UPDATE: DEFRA WET WOOD AND HOUSE COAL BAN
Plans to phase out sales of the most polluting solid fuels, namely house coal and wet wood, have been confirmed as part of a drive to reduce the pollutants known as PM2.5, which can penetrate deep into the lungs and blood and cause health problems.
As many of you have written to us about what this means for your own fuel supplies, we have written answers to the most common questions here:
What does the DEFRA ban say?
DEFRA finalised their decision on 21 February 2020 that sales of bagged traditional house coal and wet wood in units under 2m3 will be phased out by February 2021, as well as the sale of loose coal direct to customers via approved coal merchants by February 2023. Units of firewood over 2m3 will have special guidelines applied at the point of sale. Full details of the consultation can be read here.
What does DEFRA mean by “wet wood” and does this affect Luxury Wood’s products?
DEFRA defines “Wet Wood” as firewood with a moisture content of 20% or more. Luxury Wood has always and only sold kiln dried firewood with a moisture content of below 20% (commonly as low as 12-16%) so our firewood products are not affected by the ban.
What about the heat logs and pellets I buy from Luxury Wood?
Our heat logs and wood pellets are under 10% moisture as standard, so they are not affected by the ban.
Can I still buy house coal from Luxury Wood?
No. We phased at sales of house coal in 2018 in anticipation of the new regulations.
Why the emphasis on burning dry wood all of a sudden?
It has been known for a long time that dry wood fuels produce much less pollution than wet firewood and house coal.
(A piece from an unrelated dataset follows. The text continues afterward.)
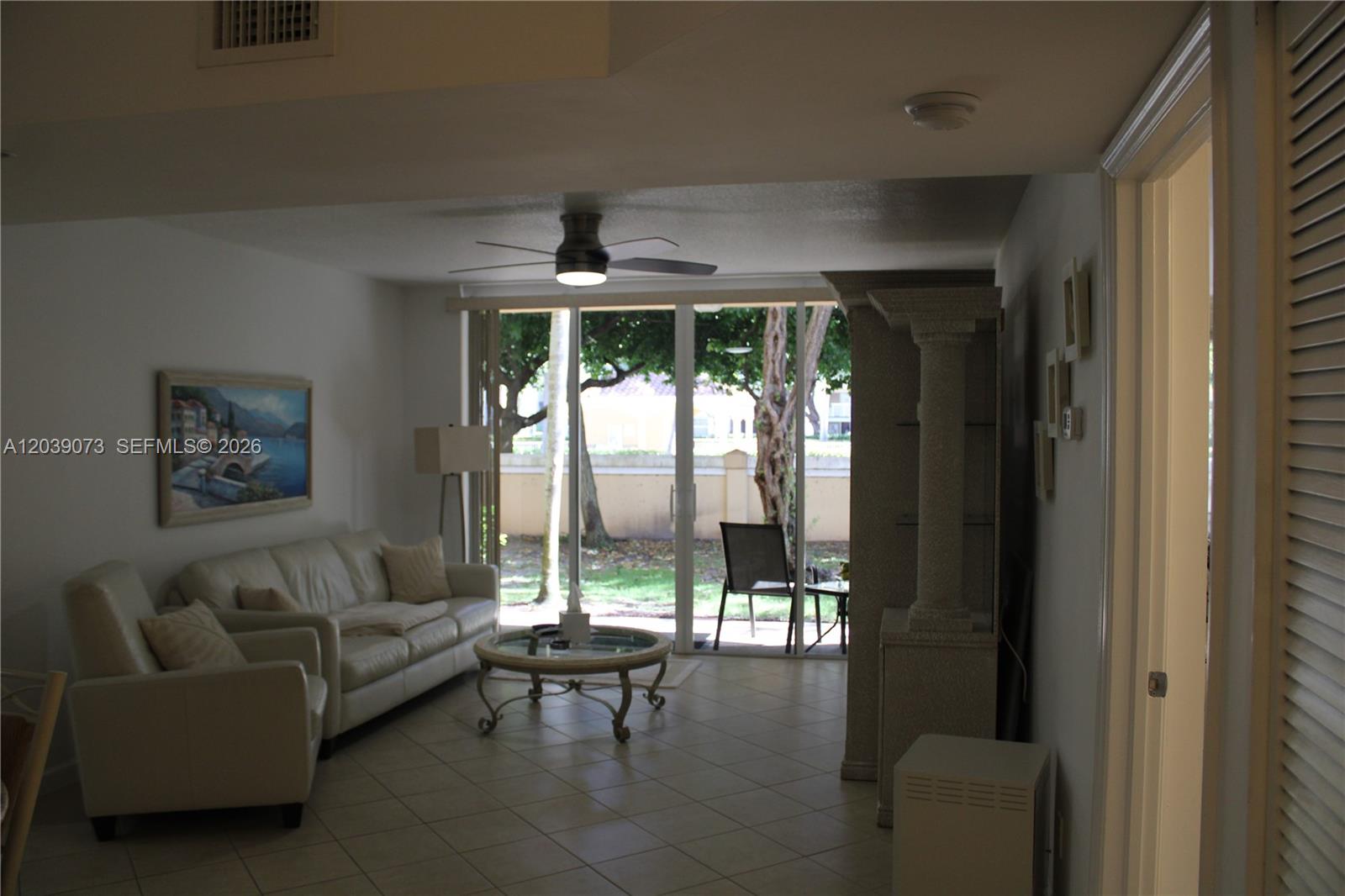 A living room features tile flooring, a white sofa, a ceiling fan, and sliding glass doors — 519 E Sheridan St # 1082, Dania Beach FL 33004, DANIA BEACH, FL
In addition, wet wood produces less heat so it is not economical to burn. Current estimates are that kiln dried wood produces up to double the amount of heat that wetter wood can provide.
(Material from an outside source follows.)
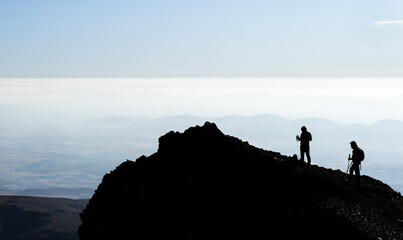 Silhouette of hikers on mountain top on clear sky background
In addition, smoke produced by burning low quality fuels can severely damage stoves and flue pipes, increasing the risk of chimney fires. The primary concern of DEFRA and the UK government however, is dispersion of PM2.5 particles, which are a known carcinogen.
Recent government guidance suggests that wet or poorly seasoned wood releases four times the amount of PM2.5 particles that firewood under 20% moisture releases.